I have a neat technique I use to jump-start melody generation. I want to share it, and I even bet some of you have done this!
I first create a couplet of spoken doggerel, or even a single line of spoken English. (Use any language, though.)
It can be silly. It doesn’t have to be good poetry. It could be, say, off the top of my head,
“Jersey Mike’s makes submarine sandwiches”
Or, for a rhyming couplet,
“I’m sitting here doing nothing
My favorite food is stuffing.”
Now, try to make the rhythm of your spoken line fit into a meter so that it’s musically useful.
Then add pitches to the notes. Sing the melody into your iPhone, and forget the words you started with.
What this does is it makes you use rhythms you’d never come up with if you weren’t starting with spoken language. And in melody writing, MORE THAN HALF of the interesting creative content is rhythm, not pitch.

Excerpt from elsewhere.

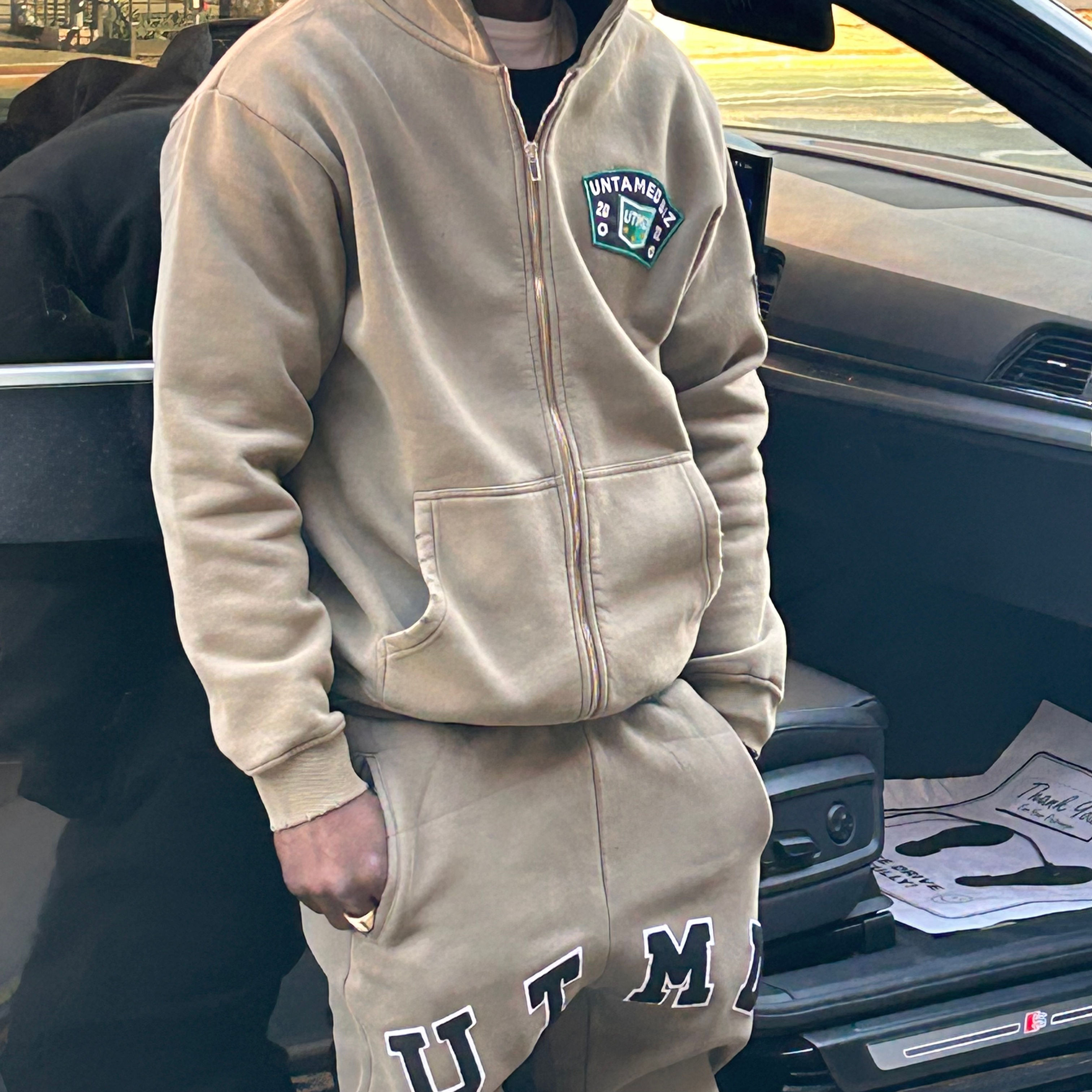 UTMD BADGED SWEAT SUITS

I generally like to use phrases with at least one word that’s more than 2 syllables and creates sone rhythmic complexity. That is, you want to stay away from overly regular meter, like this:
There was a man who sat
Upon a purring cat
It’s this kind of predictable regularity we using this technique to ESCAPE.
The process is effortless, and gets your melody “seeded” quickly and without racking your brain or pulling hair out.
Later, you come back and edit your melody, having forgotten the doggerel you started with and with no obligation to keep the original rhythm.